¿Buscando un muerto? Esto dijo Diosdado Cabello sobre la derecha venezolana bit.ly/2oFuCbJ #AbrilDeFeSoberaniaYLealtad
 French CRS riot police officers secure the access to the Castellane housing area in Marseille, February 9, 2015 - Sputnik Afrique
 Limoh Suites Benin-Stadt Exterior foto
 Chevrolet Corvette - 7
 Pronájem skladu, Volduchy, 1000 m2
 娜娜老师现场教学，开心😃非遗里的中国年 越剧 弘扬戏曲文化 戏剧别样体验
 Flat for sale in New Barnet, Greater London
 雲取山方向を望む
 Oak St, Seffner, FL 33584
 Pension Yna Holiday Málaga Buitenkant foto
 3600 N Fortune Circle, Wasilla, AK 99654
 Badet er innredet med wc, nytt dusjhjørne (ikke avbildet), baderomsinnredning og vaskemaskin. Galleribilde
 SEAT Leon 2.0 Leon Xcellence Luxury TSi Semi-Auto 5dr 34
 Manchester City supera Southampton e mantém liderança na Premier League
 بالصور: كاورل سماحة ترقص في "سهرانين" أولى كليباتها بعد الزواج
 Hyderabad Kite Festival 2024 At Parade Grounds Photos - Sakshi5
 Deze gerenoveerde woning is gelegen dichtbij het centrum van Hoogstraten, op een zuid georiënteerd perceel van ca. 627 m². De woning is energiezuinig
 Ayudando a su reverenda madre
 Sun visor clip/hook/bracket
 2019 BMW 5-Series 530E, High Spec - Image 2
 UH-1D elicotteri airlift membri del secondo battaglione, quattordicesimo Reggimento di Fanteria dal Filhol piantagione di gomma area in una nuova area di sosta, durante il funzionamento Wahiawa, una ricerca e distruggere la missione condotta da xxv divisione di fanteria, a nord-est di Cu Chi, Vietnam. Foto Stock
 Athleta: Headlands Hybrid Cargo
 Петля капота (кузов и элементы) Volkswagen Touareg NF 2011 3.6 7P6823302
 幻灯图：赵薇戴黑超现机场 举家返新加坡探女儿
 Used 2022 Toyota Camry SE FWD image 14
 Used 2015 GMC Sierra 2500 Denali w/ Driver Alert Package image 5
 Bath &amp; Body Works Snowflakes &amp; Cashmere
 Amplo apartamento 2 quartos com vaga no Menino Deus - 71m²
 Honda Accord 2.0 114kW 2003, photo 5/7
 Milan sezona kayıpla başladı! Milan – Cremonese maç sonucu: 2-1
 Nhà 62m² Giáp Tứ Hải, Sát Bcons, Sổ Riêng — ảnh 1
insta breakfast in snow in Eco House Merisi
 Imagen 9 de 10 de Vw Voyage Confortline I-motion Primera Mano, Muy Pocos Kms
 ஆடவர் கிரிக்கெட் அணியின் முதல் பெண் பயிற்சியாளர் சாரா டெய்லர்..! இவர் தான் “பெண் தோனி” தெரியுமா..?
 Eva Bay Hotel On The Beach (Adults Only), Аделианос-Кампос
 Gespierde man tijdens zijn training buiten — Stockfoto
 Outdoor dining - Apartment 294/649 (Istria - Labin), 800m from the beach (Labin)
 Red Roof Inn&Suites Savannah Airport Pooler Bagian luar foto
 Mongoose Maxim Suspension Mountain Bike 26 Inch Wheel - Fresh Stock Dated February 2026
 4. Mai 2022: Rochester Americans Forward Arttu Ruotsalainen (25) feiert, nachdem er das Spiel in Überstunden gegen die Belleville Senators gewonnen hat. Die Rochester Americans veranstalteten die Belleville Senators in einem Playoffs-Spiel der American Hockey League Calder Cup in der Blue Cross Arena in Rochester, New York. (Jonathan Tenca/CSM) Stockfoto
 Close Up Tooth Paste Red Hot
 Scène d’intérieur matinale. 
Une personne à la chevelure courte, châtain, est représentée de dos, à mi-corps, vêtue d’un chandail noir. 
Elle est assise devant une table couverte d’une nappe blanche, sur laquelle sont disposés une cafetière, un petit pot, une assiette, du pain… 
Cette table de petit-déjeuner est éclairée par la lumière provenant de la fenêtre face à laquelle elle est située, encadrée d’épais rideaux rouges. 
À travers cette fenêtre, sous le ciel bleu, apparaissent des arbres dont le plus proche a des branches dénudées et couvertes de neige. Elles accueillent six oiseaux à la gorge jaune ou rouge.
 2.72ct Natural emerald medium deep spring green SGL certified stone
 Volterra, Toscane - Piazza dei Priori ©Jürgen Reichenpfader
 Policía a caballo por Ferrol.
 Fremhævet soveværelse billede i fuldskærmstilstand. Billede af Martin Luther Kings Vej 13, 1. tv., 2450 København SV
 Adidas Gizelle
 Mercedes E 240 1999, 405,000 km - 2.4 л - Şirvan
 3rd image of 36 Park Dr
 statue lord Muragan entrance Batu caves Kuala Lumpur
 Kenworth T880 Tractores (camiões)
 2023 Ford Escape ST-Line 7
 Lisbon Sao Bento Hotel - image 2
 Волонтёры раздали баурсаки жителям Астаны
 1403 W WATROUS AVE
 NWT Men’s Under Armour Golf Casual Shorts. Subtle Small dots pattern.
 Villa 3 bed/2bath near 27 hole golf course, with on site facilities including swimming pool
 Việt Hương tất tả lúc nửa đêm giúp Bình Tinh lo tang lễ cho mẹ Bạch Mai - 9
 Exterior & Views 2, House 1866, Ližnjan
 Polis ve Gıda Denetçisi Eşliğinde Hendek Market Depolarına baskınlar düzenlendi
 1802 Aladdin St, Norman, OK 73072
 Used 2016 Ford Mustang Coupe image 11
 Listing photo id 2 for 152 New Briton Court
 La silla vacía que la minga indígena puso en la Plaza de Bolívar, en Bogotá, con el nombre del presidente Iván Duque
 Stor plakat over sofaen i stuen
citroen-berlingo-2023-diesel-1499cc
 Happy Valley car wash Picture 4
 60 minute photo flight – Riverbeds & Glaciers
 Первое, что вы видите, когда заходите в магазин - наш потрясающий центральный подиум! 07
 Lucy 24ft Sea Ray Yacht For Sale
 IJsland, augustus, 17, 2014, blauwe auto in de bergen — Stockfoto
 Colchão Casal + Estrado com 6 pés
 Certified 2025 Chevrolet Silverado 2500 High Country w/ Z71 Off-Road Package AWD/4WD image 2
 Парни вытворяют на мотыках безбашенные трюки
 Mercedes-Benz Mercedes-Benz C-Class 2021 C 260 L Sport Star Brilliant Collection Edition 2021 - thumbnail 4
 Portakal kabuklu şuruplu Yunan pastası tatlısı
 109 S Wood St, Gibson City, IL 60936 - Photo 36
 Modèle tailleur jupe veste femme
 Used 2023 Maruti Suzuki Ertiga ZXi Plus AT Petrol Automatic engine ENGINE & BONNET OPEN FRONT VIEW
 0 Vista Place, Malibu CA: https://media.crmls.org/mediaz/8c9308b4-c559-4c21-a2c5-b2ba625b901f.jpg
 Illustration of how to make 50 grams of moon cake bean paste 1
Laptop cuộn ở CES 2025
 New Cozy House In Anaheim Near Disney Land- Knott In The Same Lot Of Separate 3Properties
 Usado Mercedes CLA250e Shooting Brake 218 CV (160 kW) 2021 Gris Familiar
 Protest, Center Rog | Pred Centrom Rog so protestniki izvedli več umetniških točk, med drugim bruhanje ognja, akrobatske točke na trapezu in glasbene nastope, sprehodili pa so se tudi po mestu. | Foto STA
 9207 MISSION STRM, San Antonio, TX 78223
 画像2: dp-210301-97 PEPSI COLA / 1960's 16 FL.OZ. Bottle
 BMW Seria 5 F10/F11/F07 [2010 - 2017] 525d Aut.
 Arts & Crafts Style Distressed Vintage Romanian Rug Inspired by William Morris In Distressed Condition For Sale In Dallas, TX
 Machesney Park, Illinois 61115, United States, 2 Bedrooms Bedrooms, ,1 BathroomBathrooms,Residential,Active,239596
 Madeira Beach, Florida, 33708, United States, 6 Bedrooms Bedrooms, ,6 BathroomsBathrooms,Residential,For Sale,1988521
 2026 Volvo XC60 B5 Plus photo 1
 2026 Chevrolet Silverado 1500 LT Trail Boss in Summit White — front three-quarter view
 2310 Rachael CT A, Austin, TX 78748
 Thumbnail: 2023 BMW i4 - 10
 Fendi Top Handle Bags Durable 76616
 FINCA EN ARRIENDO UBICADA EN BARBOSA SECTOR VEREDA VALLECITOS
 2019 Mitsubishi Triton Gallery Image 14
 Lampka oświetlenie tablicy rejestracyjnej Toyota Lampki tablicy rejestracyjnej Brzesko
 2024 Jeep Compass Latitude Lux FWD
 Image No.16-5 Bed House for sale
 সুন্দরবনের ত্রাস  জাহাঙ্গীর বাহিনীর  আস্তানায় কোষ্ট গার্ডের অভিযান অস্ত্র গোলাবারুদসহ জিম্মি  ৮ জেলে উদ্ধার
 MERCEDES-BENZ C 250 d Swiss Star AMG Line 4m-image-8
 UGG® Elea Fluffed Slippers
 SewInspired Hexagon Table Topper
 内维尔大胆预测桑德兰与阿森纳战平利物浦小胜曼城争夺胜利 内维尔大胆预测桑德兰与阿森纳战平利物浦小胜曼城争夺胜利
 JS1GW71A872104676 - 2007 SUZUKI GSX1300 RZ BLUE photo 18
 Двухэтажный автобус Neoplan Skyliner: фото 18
· · · · · · ·
## TASK TO COMPLETE
For the string "Silverado", give the number of lines in the records that contain it and nothing besides.

## OUTPUT
2